OCR challenge with prizes for open source project - starting in two weeks

43 views

Skip to first unread message

Ian Ozsvald (A.I. Cookbook)

unread,

Jul 5, 2010, 12:06:22 PM7/5/10

to tesser...@googlegroups.com

I'd like to announce an OCR challenge that will start soon, it is for
an open source project and will include prizes.

I'm a part of the http://OpenPlaques.org/ project, the site collects
flickr images of commemorative plaques which are manually transcribed
and added to the site. Plaques generally have 20-100 words which
describe a historic situation - the words are clear, often in white on
a blue background. These plaques exist all over the UK (and in many
other countries). The goal of the project is to make these historic
locations easily searchable.

Here's an example entry for Sir Whinston Churchill near me:
http://www.openplaques.org/plaques/990

The project founders *manually* transcribe the plaque photos at
present - this is a crazy situation as they have several thousand
plaques outstanding and more are added every day. The project is now
international (it started in the UK less than a year ago) and an
automatic transcription system is sorely needed.

As a part of my play-time projects I've setup an Artificial
Intelligence Cookbook site where I'm building a community of
like-minded folk who like solving interesting challenges. I've already
documented a work-in-progress report on a manual solution to this
problem using tesseract 2:
http://blog.aicookbook.com/2010/06/optical-character-recognition-webservice-work-in-progress/
and I've just posted a software outline in Python for (bad!) automatic
recognition:
http://blog.aicookbook.com/2010/07/automatic-plaque-transcription-using-python-work-in-progress/

The OpenPlaques project are building a corpus of images with
transcriptions for me, once we have a good set of images I'll begin
the challenge. This should be in the next two weeks.

You can see my demo code and a suggested solution here:
http://aicookbook.com/wiki/Automatic_plaque_transcription
and I'm *very* open to feedback in our Google Group:
http://groups.google.com/group/aicookbook

I'll run the competition for several months with a prize for the best
solution each month. Solutions get open sourced and sooner or later a
good automatic solution will be created which can start automatically
transcribing the OpenPlaques corpus of images. Winners will also get
their name listed on the OpenPlaques site.

If you'd like to test your skills with OCR then you'll find a good
range of images to work on - from simple clean shots to angled, dark,
smudged images of weather-beaten plaques taken at a distance.

Cheers,
Ian.

--
Ian Ozsvald (A.I. researcher, screencaster)
i...@IanOzsvald.com

http://IanOzsvald.com
http://MorConsulting.com/
http://blog.AICookbook.com/
http://TheScreencastingHandbook.com
http://FivePoundApp.com/
http://twitter.com/IanOzsvald

Jimmy O'Regan

unread,

Jul 5, 2010, 5:24:45 PM7/5/10

to tesser...@googlegroups.com

On 5 July 2010 17:06, Ian Ozsvald (A.I. Cookbook) <i...@aicookbook.com> wrote:
> I'd like to announce an OCR challenge that will start soon, it is for
> an open source project and will include prizes.
>
> I'm a part of the http://OpenPlaques.org/ project, the site collects
> flickr images of commemorative plaques which are manually transcribed
> and added to the site.
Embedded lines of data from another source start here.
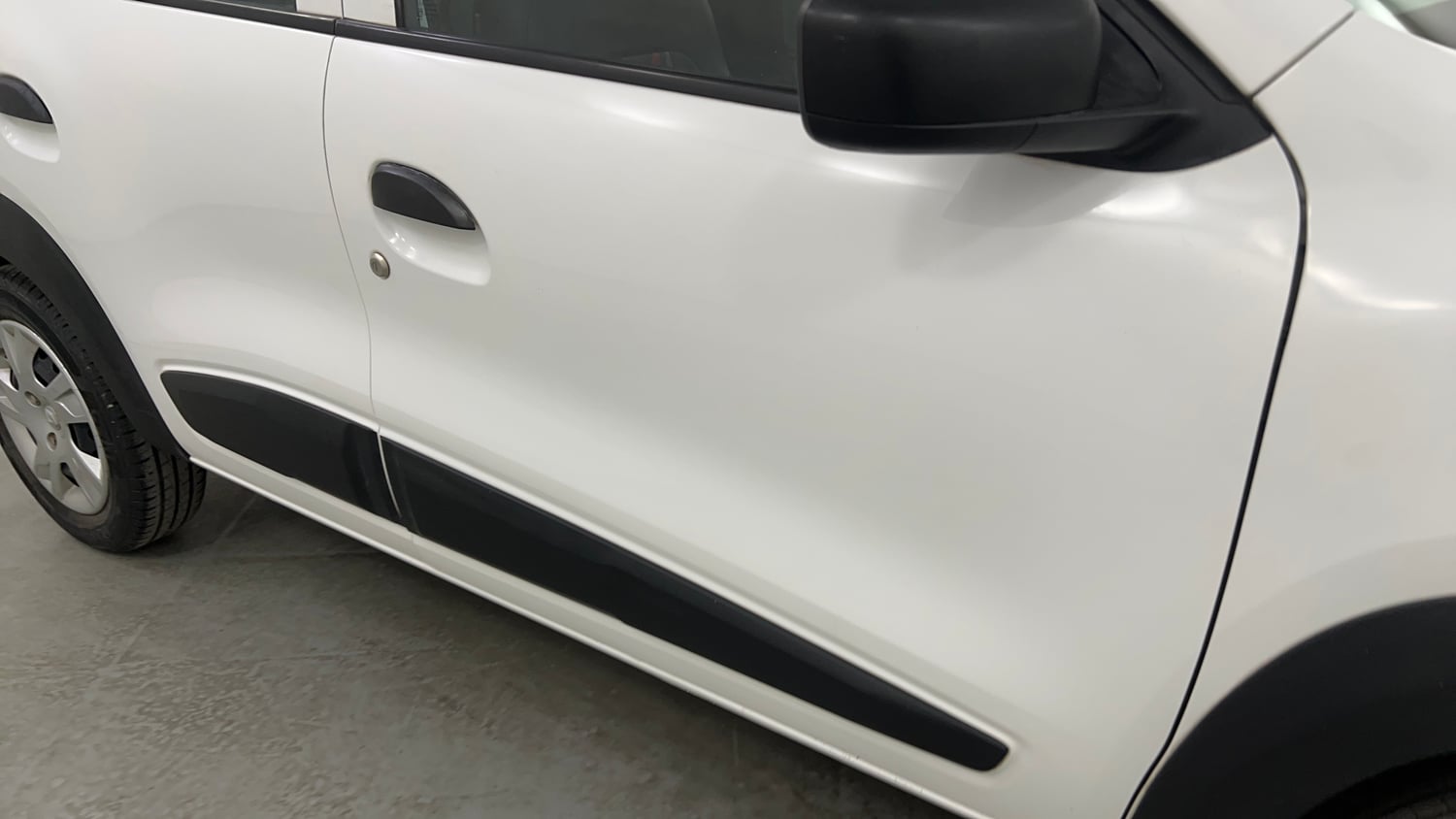 Used 2020 Renault Kwid RXL Petrol Manual dents MINOR DENT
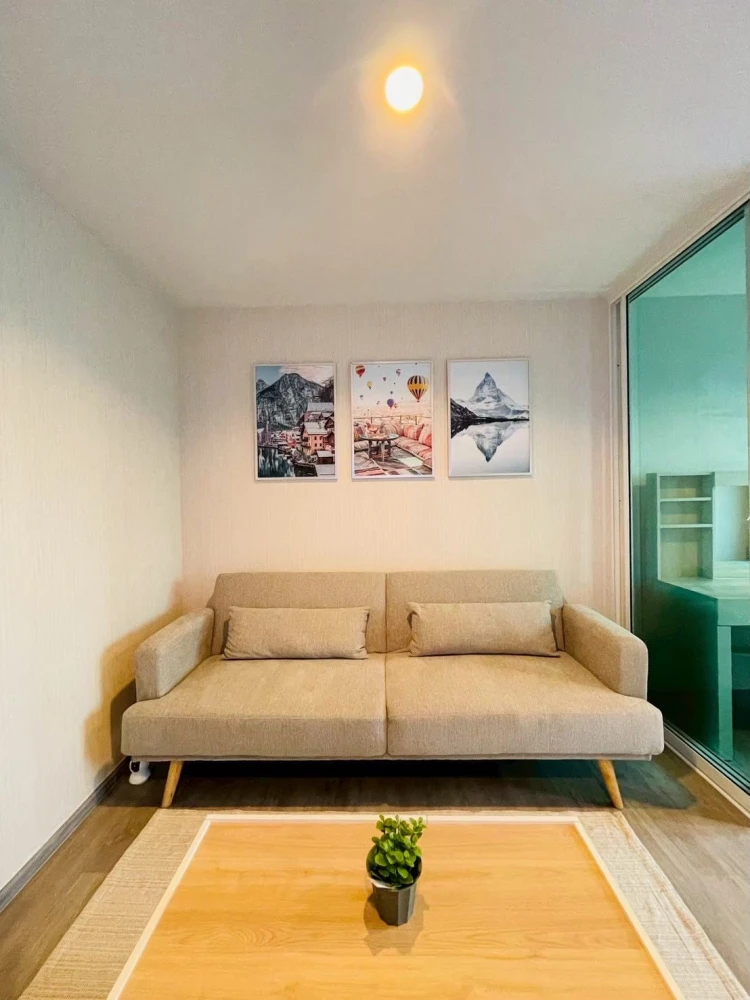Condo for rent at Regent Home Bangna. Ready to move in, fully furnished with appliances. Amazing price! Book now!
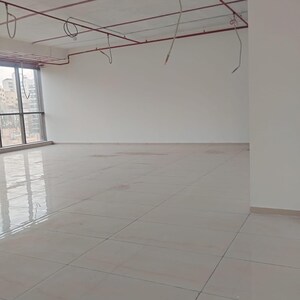 Room in  Office Space at Chandak Unicorn, Andheri West – for Rent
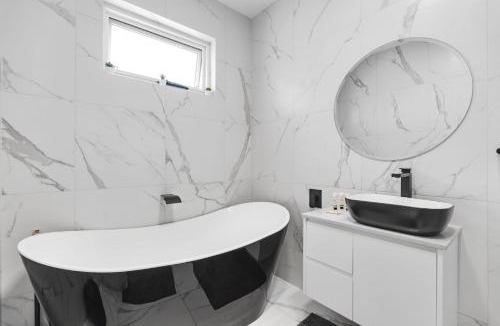 Lidcombe House | Spacious Lidcombe Lux mins to Sydney Olympic Park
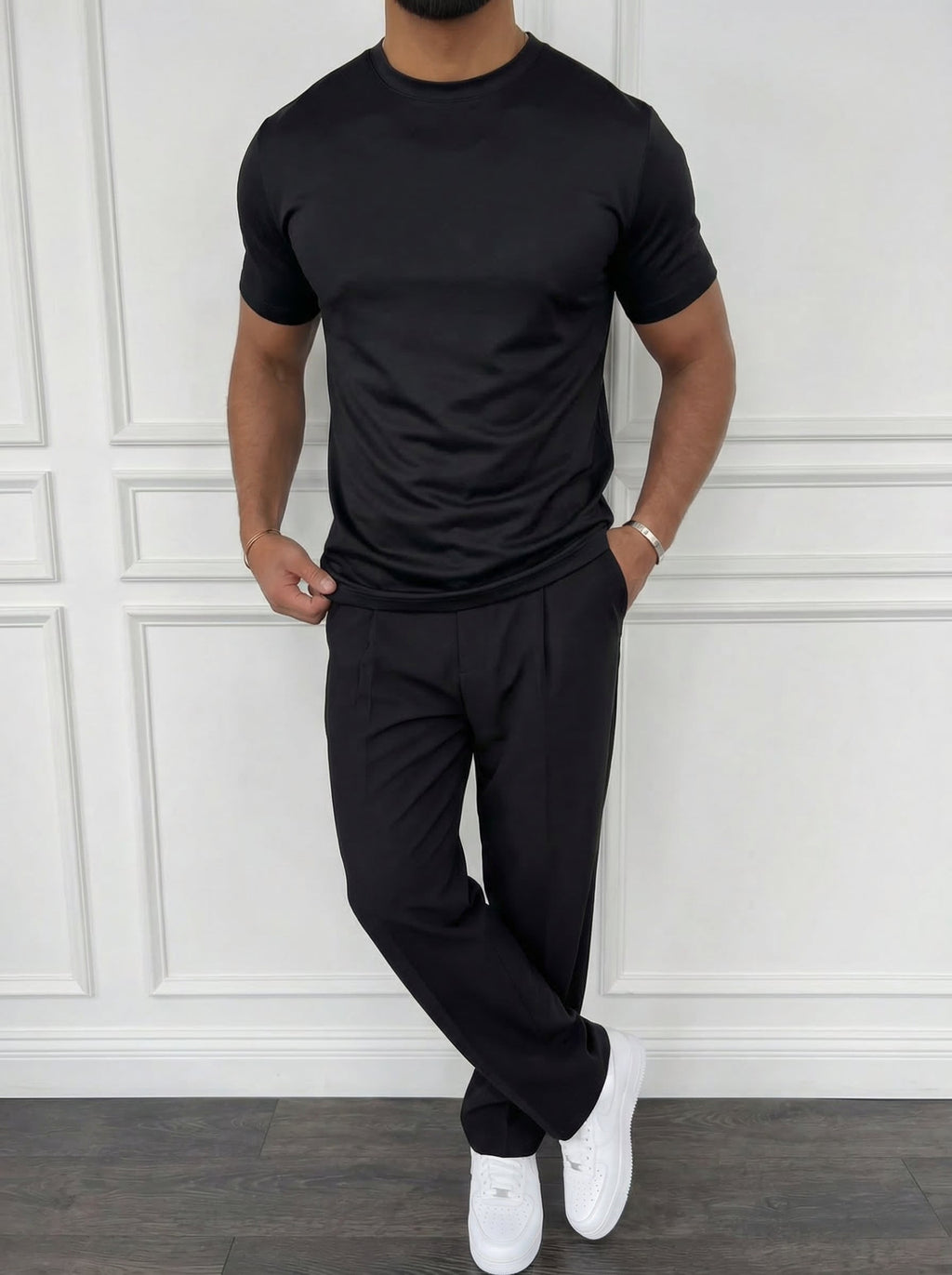 Essential T-shirt – Svart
Plaques generally have 20-100 words which
> describe a historic situation - the words are clear, often in white on
> a blue background. These plaques exist all over the UK (and in many
> other countries). The goal of the project is to make these historic
> locations easily searchable.
>

We have them in Ireland too. One aspect of them that you can use is
that they tend to adhere to a set of 'template' phrases - Person was
born here, site of the battle of X, etc.

> Here's an example entry for Sir Whinston Churchill near me:
> http://www.openplaques.org/plaques/990
>
> The project founders *manually* transcribe the plaque photos at
> present - this is a crazy situation as they have several thousand
> plaques outstanding and more are added every day. The project is now
> international (it started in the UK less than a year ago) and an
> automatic transcription system is sorely needed.
>

Not so crazy: if you already have a corpus of existing transcriptions,
that puts you in a position to use statistical post-editing
techniques.

There is a tool for statistical post-editing here:
http://www.cs.toronto.edu/~mreimer/tesseract.html
If you have the option, I'd recommend changing it to output a word
lattice, and feed that into an n-gram language model: IRSTLM is a good
open source toolset for n-gram language modelling.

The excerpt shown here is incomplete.